* **What you have to do**:
Pictures stay out of the copy. Retype exactly the lines below from the one with "Close-up of a" through the one with "hot sunny day".

* **Stored data**:
=== Section Start ===
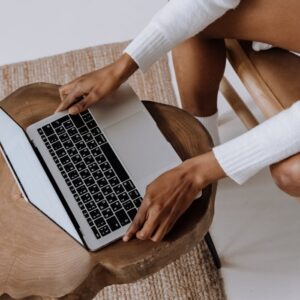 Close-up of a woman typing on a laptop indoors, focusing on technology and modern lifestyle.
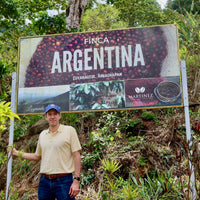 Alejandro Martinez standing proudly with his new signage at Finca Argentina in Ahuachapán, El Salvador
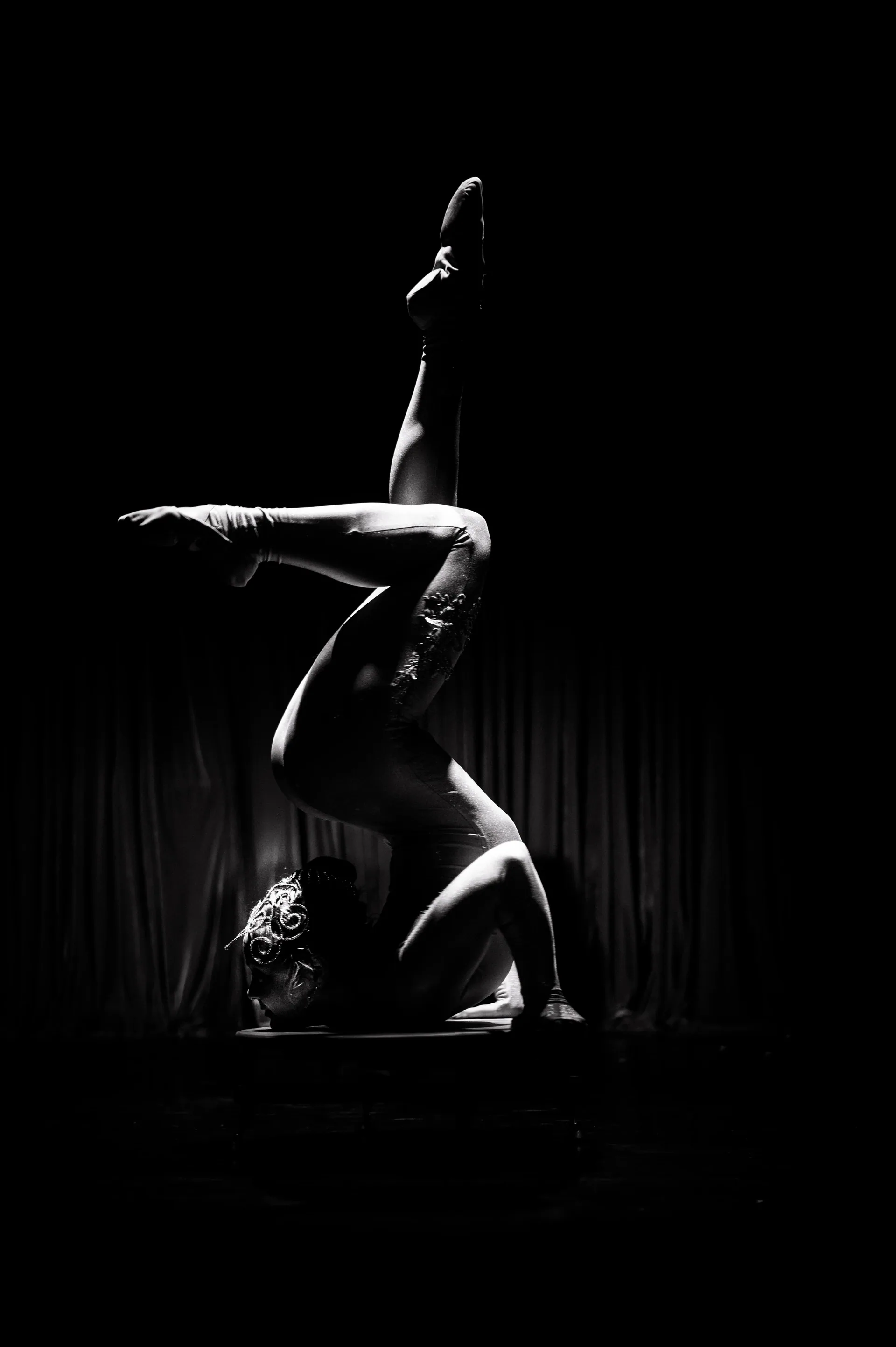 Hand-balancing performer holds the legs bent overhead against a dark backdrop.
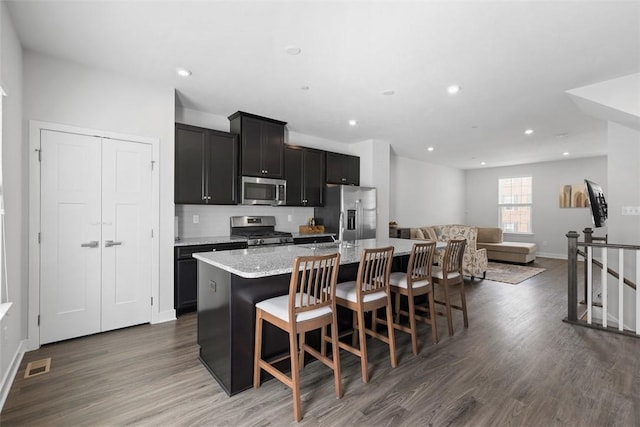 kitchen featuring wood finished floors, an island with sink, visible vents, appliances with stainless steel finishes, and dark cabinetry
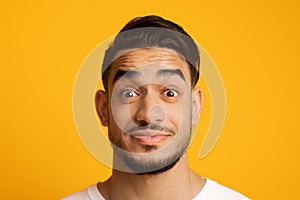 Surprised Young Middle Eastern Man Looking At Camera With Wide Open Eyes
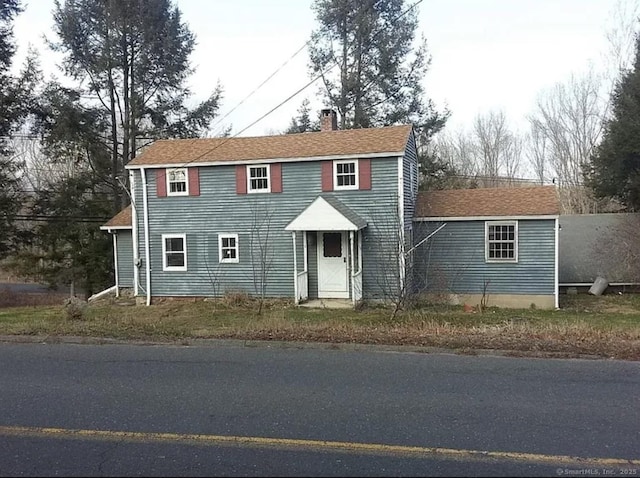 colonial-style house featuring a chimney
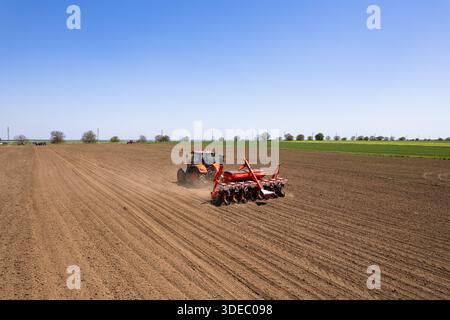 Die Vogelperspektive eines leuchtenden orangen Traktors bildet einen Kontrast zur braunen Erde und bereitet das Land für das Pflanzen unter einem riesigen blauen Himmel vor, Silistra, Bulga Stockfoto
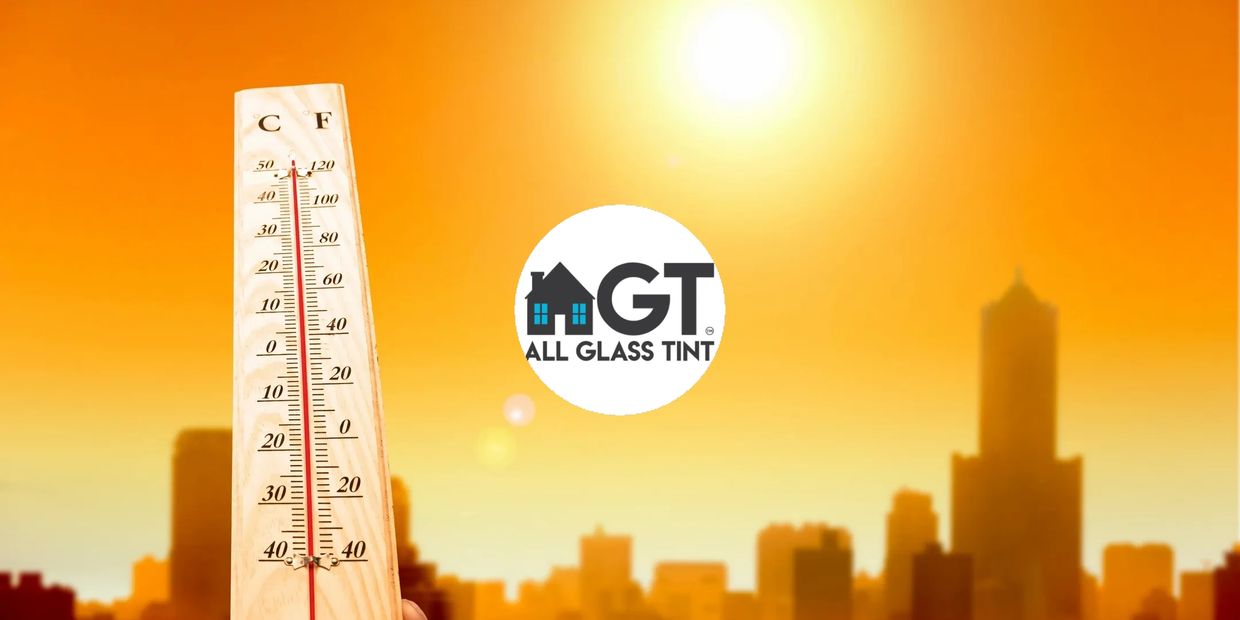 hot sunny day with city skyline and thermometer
=== Section End ===
=== Section Start ===
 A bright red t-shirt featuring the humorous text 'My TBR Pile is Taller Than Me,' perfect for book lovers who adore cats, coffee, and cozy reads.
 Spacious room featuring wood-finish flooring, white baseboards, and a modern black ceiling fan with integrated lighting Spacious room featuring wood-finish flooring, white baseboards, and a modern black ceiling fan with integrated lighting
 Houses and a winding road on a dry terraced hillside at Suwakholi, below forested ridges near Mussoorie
=== Section End ===
=== Section Start ===
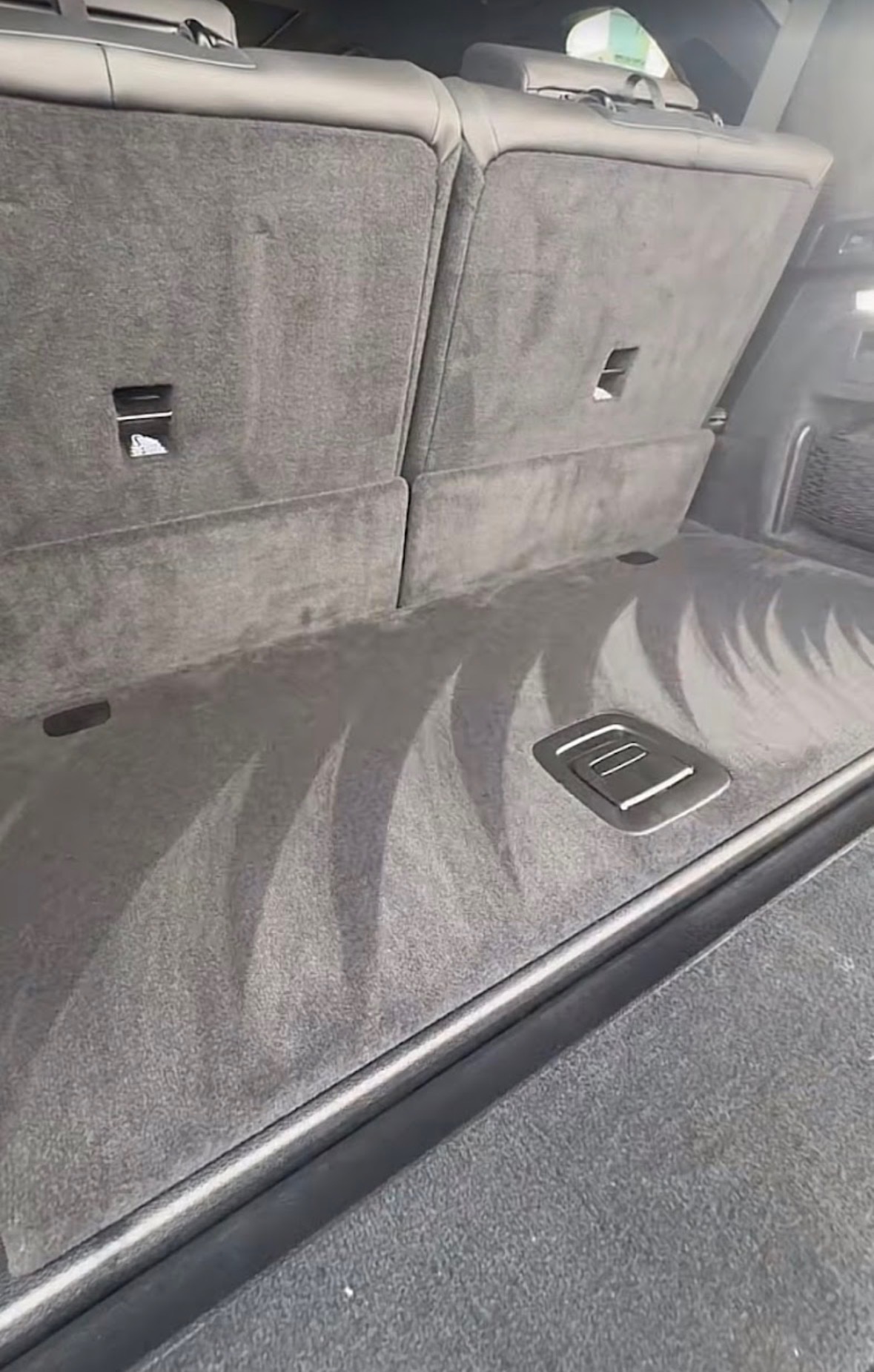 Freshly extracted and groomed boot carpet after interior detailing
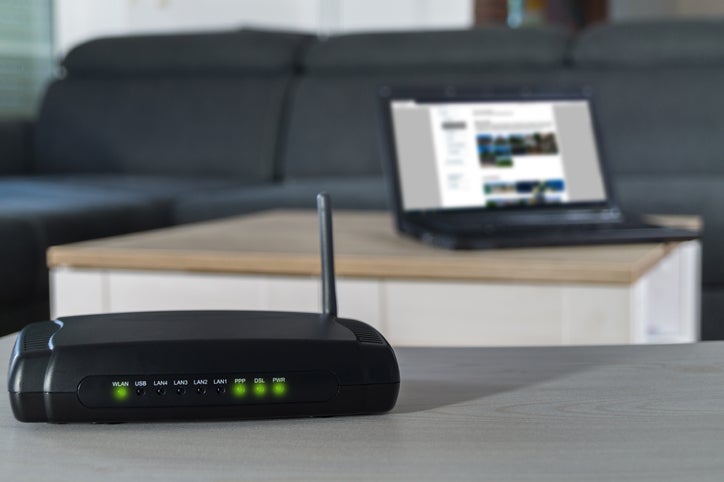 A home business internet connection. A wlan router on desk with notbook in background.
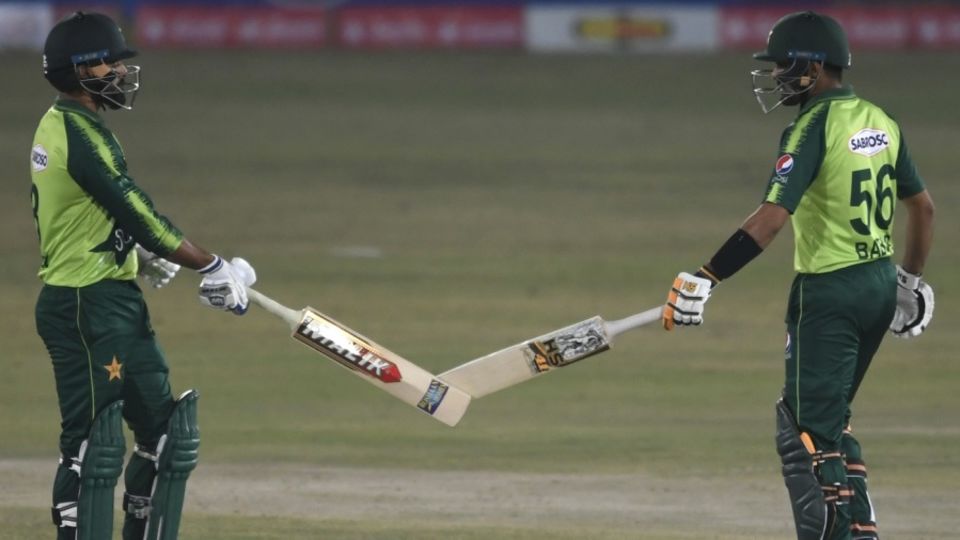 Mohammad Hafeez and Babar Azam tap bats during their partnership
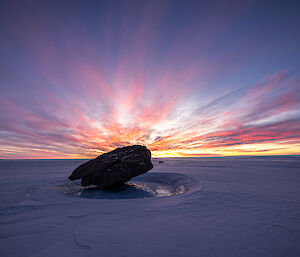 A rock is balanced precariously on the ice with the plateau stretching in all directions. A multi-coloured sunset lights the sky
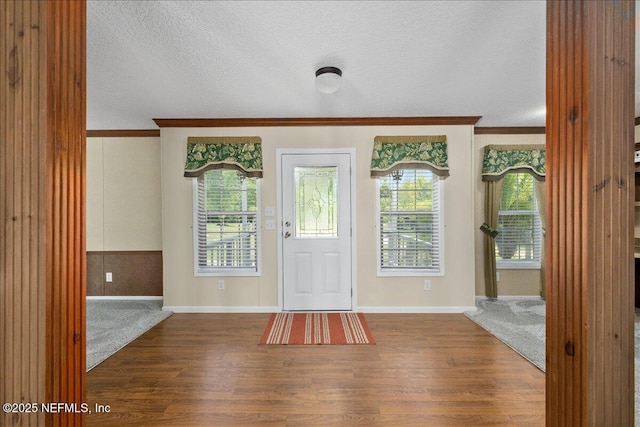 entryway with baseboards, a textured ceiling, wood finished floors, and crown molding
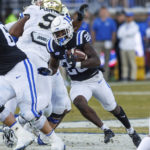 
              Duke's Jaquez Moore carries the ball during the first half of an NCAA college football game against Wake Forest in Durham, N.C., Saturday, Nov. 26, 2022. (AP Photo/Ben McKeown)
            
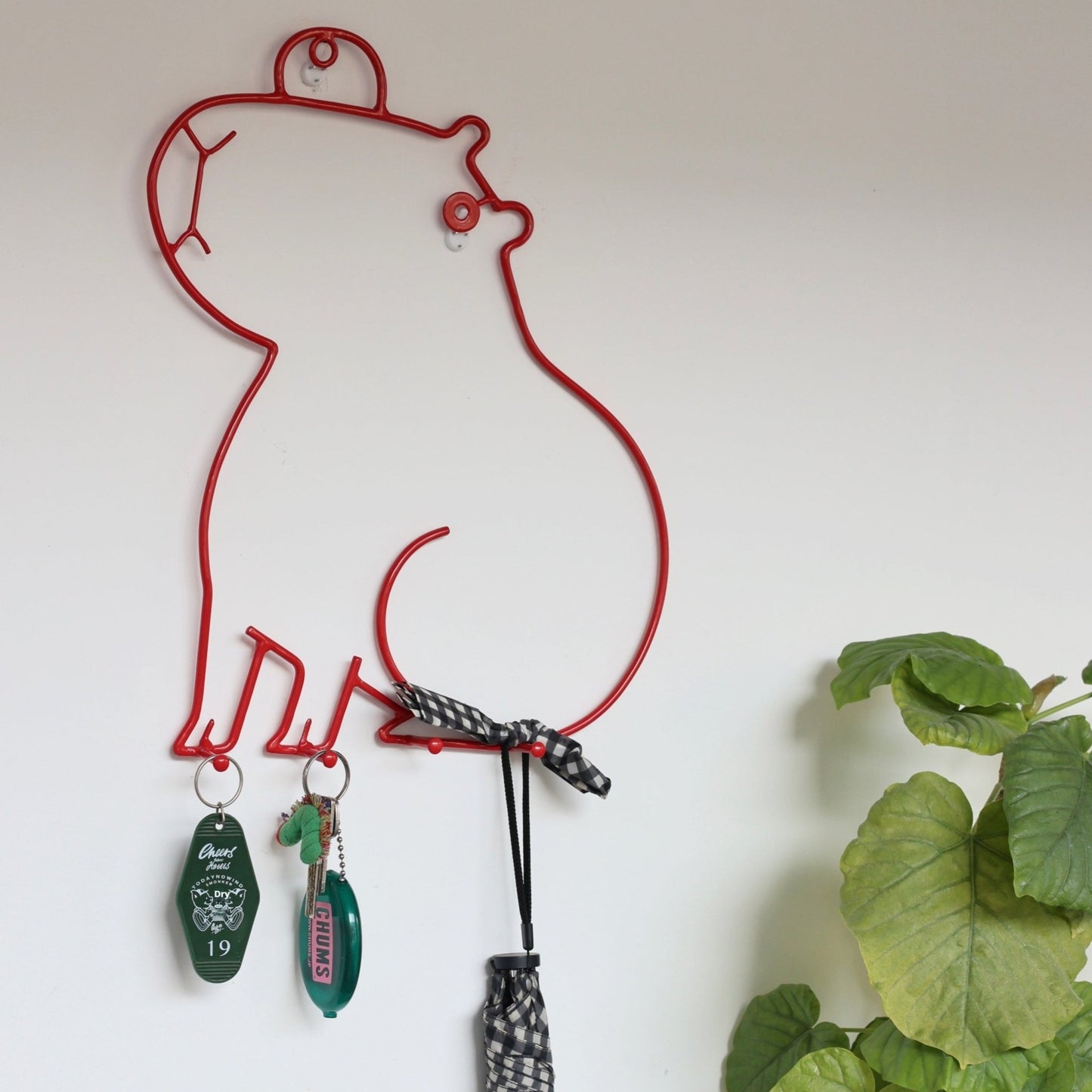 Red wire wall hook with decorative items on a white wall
=== Section End ===
* **Reply to the exercise**:
 Close-up of a woman typing on a laptop indoors, focusing on technology and modern lifestyle.
 Alejandro Martinez standing proudly with his new signage at Finca Argentina in Ahuachapán, El Salvador
 Hand-balancing performer holds the legs bent overhead against a dark backdrop.
 kitchen featuring wood finished floors, an island with sink, visible vents, appliances with stainless steel finishes, and dark cabinetry
 Surprised Young Middle Eastern Man Looking At Camera With Wide Open Eyes
 colonial-style house featuring a chimney
 Die Vogelperspektive eines leuchtenden orangen Traktors bildet einen Kontrast zur braunen Erde und bereitet das Land für das Pflanzen unter einem riesigen blauen Himmel vor, Silistra, Bulga Stockfoto
 hot sunny day with city skyline and thermometer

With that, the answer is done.